China’s mobile payments revolution is being spearheaded by millennials
Over the span of a few short years, China has undergone a mobile payments revolution that now sees the country’s reliance on cash payments dwindling, Yuan Yang writes for the Financial Times. Last year alone, China accounted for nearly half of the world’s digital payments. Chinese citizens have become accustomed to using mobile payments for everything from stores to food stalls to transportation services, and many of these services no longer accept cash payments. “This transformation has been spearheaded by millennials, who were the early adopters of mobile payments, but it has rapidly spread across generations. Millennials’ parents — the 40-60 age group — have adapted to the technology, especially in big cities, although they tend to use it for fewer functions … Only the older generations cling on to cash.”

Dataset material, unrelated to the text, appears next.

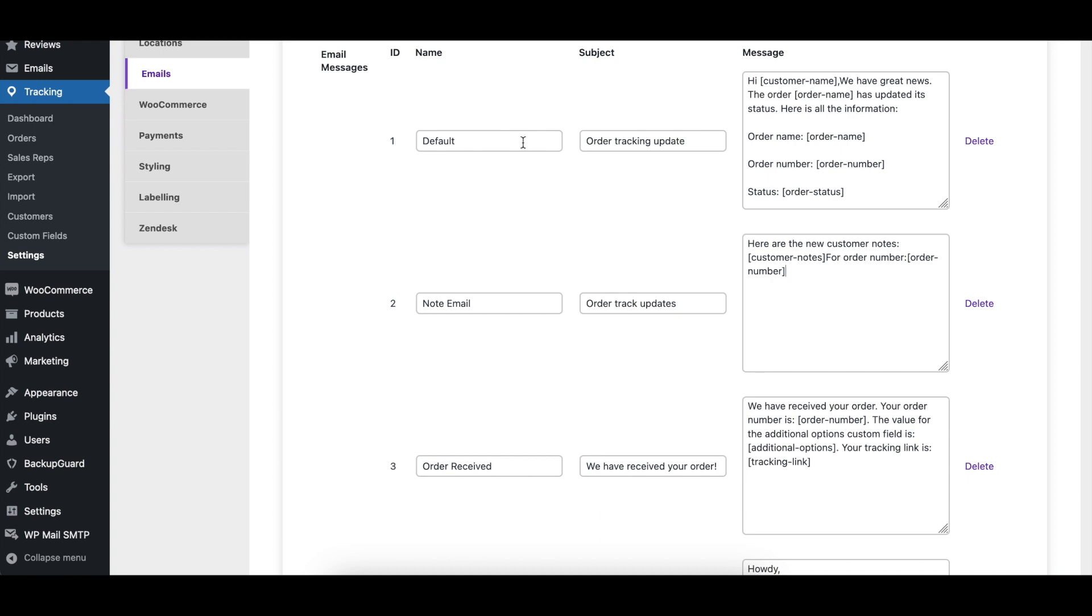The ID column indicates the ID that has been automatically assigned to each email. The name column indicates the name of each email.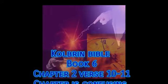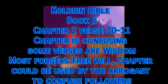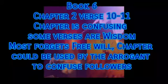This chapter is very confusing. Some verses are wisdom, but most forget free will. The chapter could be used by the arrogant to confuse followers.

The increased reliance on fintech has also led to a behavioral shift in how people handle money in China. Whereas older generations traditionally relied on saving up their own income to be able to afford big purchases, China’s millennials are opening up the space for credit and lending services. Altogether, China’s fintech advancements are significant.
But these services are struggling to expand internationally because most other countries are significantly lagging in providing the necessary infrastructure and culture. Can you imagine trying to make an Egyptian fruit vendor accept e-payments? Consumers are also wary that relying so heavily on apps and e-payments would turn their data privacy into a martyr.